A dire la verità su TikTok si è sempre parlato di lavoro. Soprattutto ci si è sempre lamentati di un sistema dove il lavoro manca, non gratifica e sembra essere l'unica ragione di vita. Abbiamo visto video di ragazzi che davano le dimissioni in diretta, di stagisti disperati che piangevano in burnout e di consigli su come trovare il perfetto lazy girl job. Ora, però, è possibile trovare contenuti molto più specifici, utili, ma sempre in formato Gen Z. Basta visitare hashtag come #WorkTok, #CareerTok (93.300 post), #careertips, #jobsearch, #Internship o anche #careersadvice e #dreamjob. Ci si ritrova catapultati in un mondo fatto di consigli su come scrivere una lettera motivazionale, racconti su come raggiungere una determinata posizione, video sui lavori che pagano di più, sulle difficoltà delle carriere in ambito creativo e sul bilanciamento lavoro/tempo libero oltre a moltissimi "a day in the life of" dove diversi lavoratori raccontano la loro giornata tipo.

La ventottenne di Los Angeles Mitchie Nguyen, ad esempio, un giorno ha deciso di fare un video in cui parlava del suo percorso di carriera, dei diversi ruoli che aveva ricoperto fino a quel momento e degli stipendi corrispondenti. Il video è diventato virale e in moltissime persone le hanno scritto: «Non sapevo nemmeno che questi lavori esistessero», «Ho visto i tuoi video, ho seguito i tuoi suggerimenti e ho ottenuto il mio primo stage in product marketing!».
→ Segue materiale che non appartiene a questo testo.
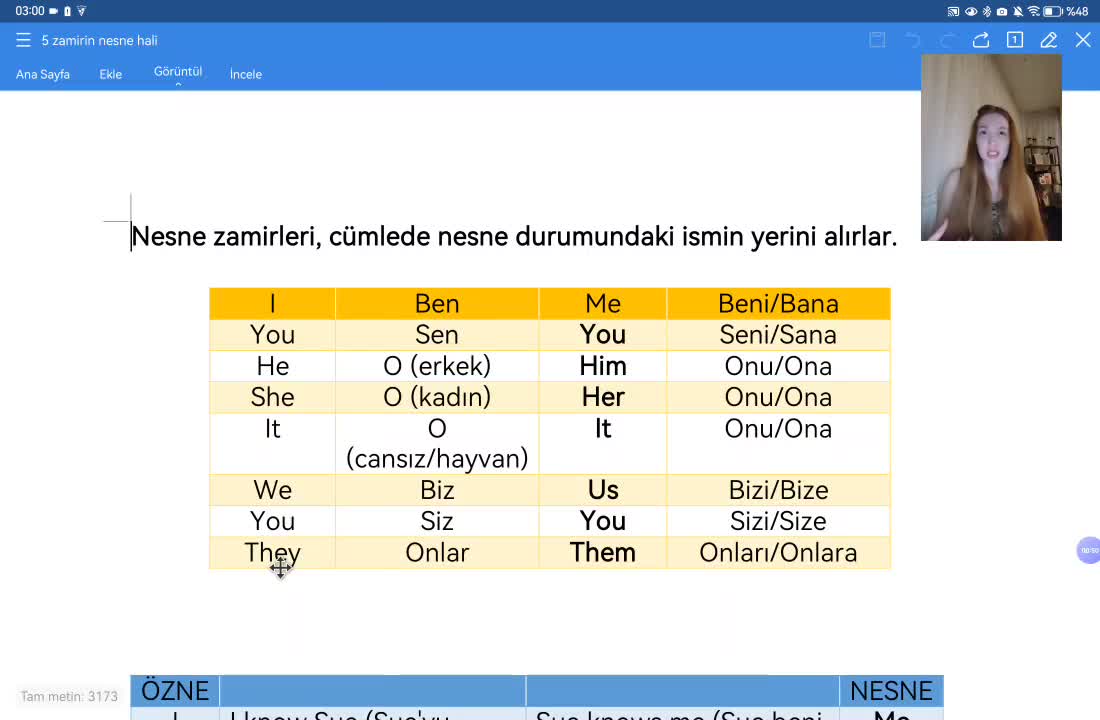 3. Object Pronouns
Le nuove generazioni amano parlare apertamente: se vuoi tenere per te quanto guadagni o come sei arrivato così in alto nel tuo lavoro, probabilmente stai facendo gatekeeping e la cosa non piacerà a nessuno. D'altra parte tutti possono improvvisarsi career coach semplicemente raccontando la propria esperienza diretta, le proprie difficoltà e i propri successi in ufficio. A fronte di un mercato del lavoro difficile, poco accessibile e spesso nebuloso, sembra esserci molta richiesta di informazioni, di esempi concreti e di consigli. Tanto meglio se vengono da coetanei piuttosto che da adulti con stipendi inarrivabili che hanno trovato lavoro negli anni 80.

Un sondaggio realizzato alla fine 2023 e pubblicato dalla piattaforma EduBirdie ha mostrato che dei 2000 giovani statunitensi intervistati, il 70% dichiara di rivolgersi a TikTok per consigli sulla carriera professionale, il 71% lo ritiene una fonte affidabile e quasi la metà (il 48%) lo ha trovato utile per ottenere un impiego o un aumento di stipendio. Così, tra un video di imitazione del collega tipo e un get ready with me per andare in ufficio, spuntano anche gli annunci di lavoro: puoi candidarti e ricominciare a scrollare video di ricette.